Python for Financial Analysis: Technical Indicator Insights for Index Investing
Takatsuyo Ishida, MBA
Accounting Senior| EOS Accountants LLP | Hult IBS MBA(STEM) Class of 2024
Introduction
This article uses Python to analyze the CNNpred: CNN-based stock market prediction using a diverse set of variables dataset. The stock market is a complex system influenced by various factors. Understanding stock price movements can help investors make informed decisions. This report analyzes the S&P 500 using a dataset from 2010 to 2017. The primary goal is to use technical analysis to understand market trends and identify potential trading signals. The data contains 1985 instances and 84 features. The analysis focuses specifically on the S&P 500, utilizing technical indicators such as moving averages, volume, MACD, RSI, and Bollinger Bands to gain insights into market behavior and identify potential trading signals.
Data Import
To begin the analysis, the dataset is imported using Python's pandas library, a powerful tool for data manipulation and analysis. The CSV file containing the dataset is read, and the first few rows are displayed to understand its structure. This step verifies that the data has been correctly loaded and provides an initial view of its contents.

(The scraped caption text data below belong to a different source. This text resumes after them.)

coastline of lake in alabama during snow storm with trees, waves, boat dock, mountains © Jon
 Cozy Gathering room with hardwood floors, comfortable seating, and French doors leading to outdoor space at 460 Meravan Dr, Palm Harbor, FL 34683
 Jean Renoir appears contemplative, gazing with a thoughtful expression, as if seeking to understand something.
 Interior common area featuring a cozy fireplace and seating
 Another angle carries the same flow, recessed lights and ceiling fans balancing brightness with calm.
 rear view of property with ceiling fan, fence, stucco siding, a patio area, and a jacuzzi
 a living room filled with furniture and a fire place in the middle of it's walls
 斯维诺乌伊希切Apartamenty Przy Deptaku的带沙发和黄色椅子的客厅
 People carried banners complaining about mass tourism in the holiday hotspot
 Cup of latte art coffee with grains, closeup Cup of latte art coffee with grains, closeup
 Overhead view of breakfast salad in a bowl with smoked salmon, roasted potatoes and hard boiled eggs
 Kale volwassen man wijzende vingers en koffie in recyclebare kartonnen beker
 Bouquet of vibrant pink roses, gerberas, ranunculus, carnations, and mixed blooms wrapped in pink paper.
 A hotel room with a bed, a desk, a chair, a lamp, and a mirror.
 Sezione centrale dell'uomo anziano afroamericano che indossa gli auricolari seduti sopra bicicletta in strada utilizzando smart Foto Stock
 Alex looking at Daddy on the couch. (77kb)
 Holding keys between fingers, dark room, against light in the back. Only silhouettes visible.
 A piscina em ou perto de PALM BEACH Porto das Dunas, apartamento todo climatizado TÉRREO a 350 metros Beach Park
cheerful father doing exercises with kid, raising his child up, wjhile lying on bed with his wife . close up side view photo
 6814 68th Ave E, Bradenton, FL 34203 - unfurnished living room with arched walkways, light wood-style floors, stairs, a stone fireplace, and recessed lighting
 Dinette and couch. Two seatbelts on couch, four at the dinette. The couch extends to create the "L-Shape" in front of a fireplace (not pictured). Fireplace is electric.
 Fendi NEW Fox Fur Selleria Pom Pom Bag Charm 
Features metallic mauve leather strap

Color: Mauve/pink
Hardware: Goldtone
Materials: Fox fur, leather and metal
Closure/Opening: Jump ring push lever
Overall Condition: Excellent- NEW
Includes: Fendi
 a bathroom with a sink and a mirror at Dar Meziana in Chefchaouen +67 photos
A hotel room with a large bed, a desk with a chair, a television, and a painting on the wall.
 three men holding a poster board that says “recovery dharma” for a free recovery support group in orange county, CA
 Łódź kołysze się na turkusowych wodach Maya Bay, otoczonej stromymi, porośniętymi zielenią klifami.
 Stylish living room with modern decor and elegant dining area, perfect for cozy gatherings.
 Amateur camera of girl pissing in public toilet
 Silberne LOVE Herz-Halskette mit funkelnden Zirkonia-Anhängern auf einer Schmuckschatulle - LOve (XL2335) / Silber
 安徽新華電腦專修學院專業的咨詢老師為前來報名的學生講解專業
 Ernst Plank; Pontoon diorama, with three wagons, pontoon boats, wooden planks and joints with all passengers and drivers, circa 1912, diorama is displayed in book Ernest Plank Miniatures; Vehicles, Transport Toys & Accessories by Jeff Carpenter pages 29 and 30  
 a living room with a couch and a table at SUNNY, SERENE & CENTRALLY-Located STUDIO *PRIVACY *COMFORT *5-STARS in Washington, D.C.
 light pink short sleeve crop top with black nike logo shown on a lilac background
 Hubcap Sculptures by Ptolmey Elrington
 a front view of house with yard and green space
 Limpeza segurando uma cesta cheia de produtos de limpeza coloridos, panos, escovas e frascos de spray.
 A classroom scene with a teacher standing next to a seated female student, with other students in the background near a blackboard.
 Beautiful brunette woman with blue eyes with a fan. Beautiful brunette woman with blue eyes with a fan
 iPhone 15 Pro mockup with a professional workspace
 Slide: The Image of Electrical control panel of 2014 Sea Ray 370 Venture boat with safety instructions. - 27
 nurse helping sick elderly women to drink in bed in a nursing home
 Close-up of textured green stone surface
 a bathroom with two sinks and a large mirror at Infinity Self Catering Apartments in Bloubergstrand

The following code snippet reads the CSV file using the pd.read_csv function and stores it in a DataFrame named df. The df.head() function displays the first few rows of the dataset. This initial inspection shows the various features and their respective values, which will be useful for the subsequent analysis.
Next, the dataset will be explored further to understand its characteristics, handle any missing values, and perform descriptive statistical analysis to summarize the data.
import pandas as pd
import matplotlib.pyplot as plt
import numpy as np
# Read the CSV file
df = pd.read_csv('/content/Processed_S&P.csv')
# Set the index to Date column
df['Date'] = pd.to_datetime(df['Date'])
df.set_index('Date', inplace=True)
# Extract the necessary columns
date = df.index
price = df['Close']
# Display the first few rows of the dataframe
df.head()
In this code, pandas is used to read the CSV file. The 'Date' column is converted to a date-time format and set as the index of the DataFrame. The necessary columns, including the index (date) and 'Close' price, are extracted. Finally, the df.head() function displays the first few rows of the DataFrame.
Handling Missing Values
Handling missing values is crucial for ensuring the accuracy of the analysis. Missing data can lead to biased results and reduce the overall effectiveness of the models. The steps below outline the approach to check for missing values and handle them accordingly.
First, columns with missing values were identified and the number of missing entries in each was counted.
# Check for missing values
missing_values = df.isnull().sum()
print("Missing values before filling:")
print(missing_values[missing_values > 0])
The code above calculates the number of missing values in each column and prints the columns that contain missing values. This step helps in understanding the extent of missing data in the dataset.
Next, all numeric columns were checked for negative values, and columns with negative values were identified.
# Check for negative values in all numeric columns
numeric_columns = df.select_dtypes(include=['float64', 'int64']).columns
# Identify columns with negative values
negative_values = (df[numeric_columns] < 0).sum()
print("Number of negative values in each column:")
print(negative_values[negative_values > 0])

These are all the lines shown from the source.